Harris, whose resignation announcement caused a 10 percent drop in Intuit stock, leaves the company after overseeing its transformation from being primarily a software maker to also providing Internet-based personal financial services. The Internet divisions generated 20 percent of the Intuit's revenue in the last six months.
But it is the very success of the entire financial sector's migration onto the Net that leaves Intuit facing greater competition, as services offered by online banks, brokerage houses, and other financial firms begin to intrude on its turf.
"There is no doubt that this industry is extremely dynamic and you have a variety of different players who are basically going to meet at some point in some kind of a cross-product battle," said Scott Kessler, an analyst at S&P Equity Group.
During the past year brick-and-mortar banks and brokerage houses have either jumped on the online bandwagon or have made clear their Net intentions--including giants such as Citibank and Merrill Lynch. The space also is filling up with Web-only players such as WingspanBank, E*Trade, and Ameritrade.
Many of these competitors are hoping to attract customers by simplifying online finances. For example, after a transaction, consumers must update their stock or banking information on their personal finance software. Online banks and brokerage houses hope to automate that process for customers.
"I expect all major online brokers to move in that direction," said Dan Burke, the senior brokerage analyst at research firm Gomez Advisors. "They don't want to give up eyeballs to places like [Intuit's] Quicken.com and Yahoo Finance where people can track their stocks."
Nearly five years after Microsoft dropped its $1.5 billion bid to acquire Intuit, the software giant remains Intuit's primary competitor with Microsoft Money gunning to dethrone Intuit's flagship Quicken software.
"When you have Microsoft breathing down several of your markets, it obviously keeps you on your toes," said Kessler. "The key to Intuit's success is to continue building its brand, developing new products, and garnering customer appreciation."
A good thing going
Analysts said they expect little change in the company's overall strategy. The chairman and former CEO Bill Campbell, who will be the acting chief executive, said last week that with Intuit revenues strong and its Internet strategy firmly in place, the company will remain on course.

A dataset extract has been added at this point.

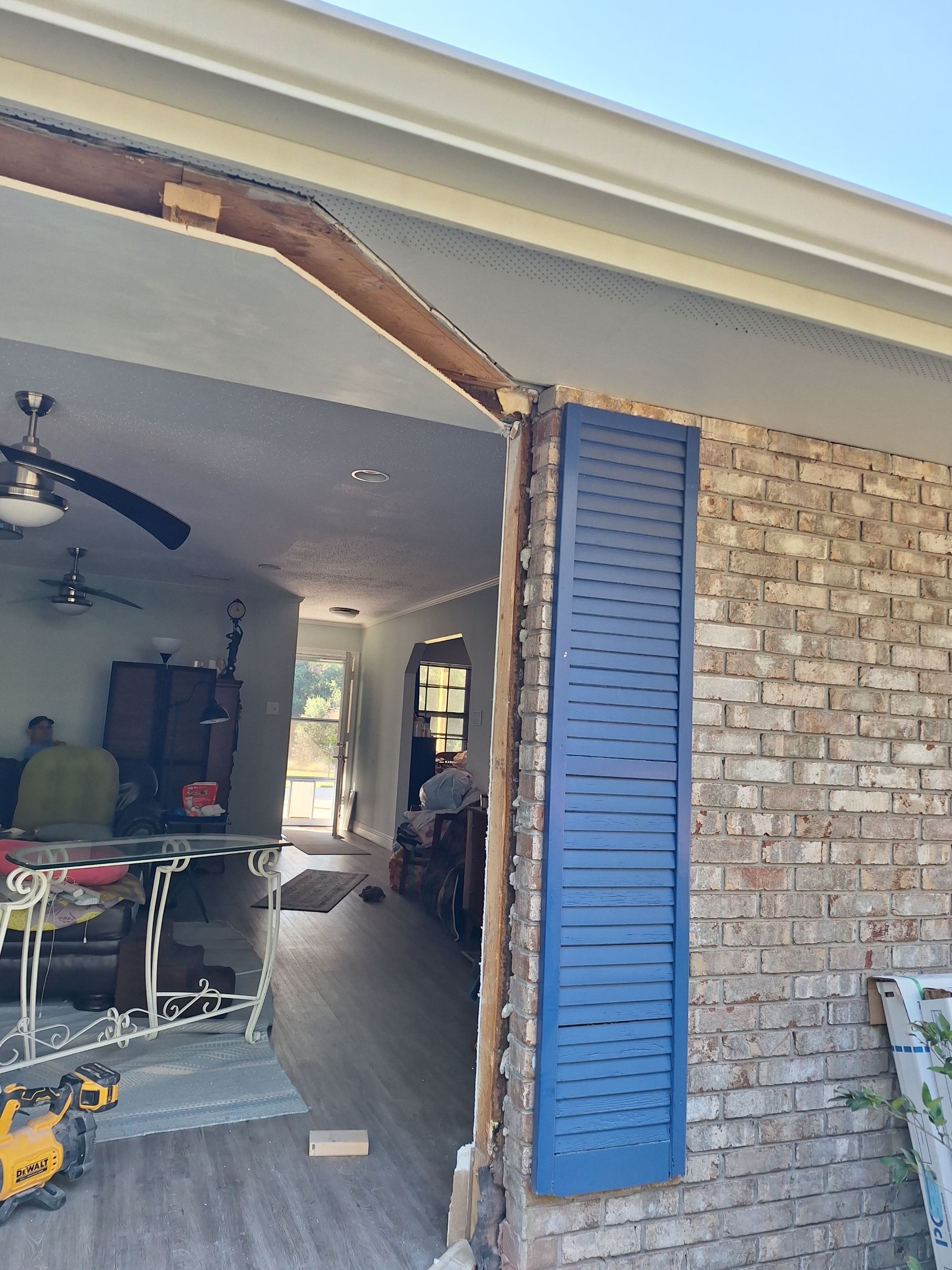 Fortified Roof and Porch Addition by Husband Roofing & Contracting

"I expect them to continue looking for opportunities on the Internet and probably to move more toward the small-business area," said Steve Shepich, an equities analyst at Olde Discount.
Still, the sudden resignation of Harris has rocked Intuit's stock, dropping it about 10 points since the announcement last Thursday.
"Any time a senior executive resigns unexpectedly, you are going to see such an impact," said Shepich. "[Harris] was a key player in the move onto the Internet--a strategy that has been extremely successful. His departure has some people concerned."
Although Harris plans to remain as a member of the company's board and help find his replacement, he said he left the company to step back from day-to-day management to focus on his entrepreneurial interests.
Analysts agreed that the corporate culture at Intuit has evolved in recent years as the company swelled to a market capitalization of more than $5 billion. To run this emerging behemoth, the company will need a chief executive that is inspired by operational issues and day-to-day management, and who can move at Internet-speed.
Intuit stock has climbed nearly 40 percent this year, prompting some analysts to note that investors are seeing this as a good time to unload their holdings in the company.
Others see this as a good time to jump onboard.
"I perceive the sell off in the stock that is currently in effect to be a buying opportunity and an attractive entry-point," said Kessler, who maintains an "accumulate" rating on Intuit.
Intuit dipped 4.27 percent or 4 points today to close at 89.75. The stock has traded as high as 110.75 and as low as 34.5 during the past 52 weeks.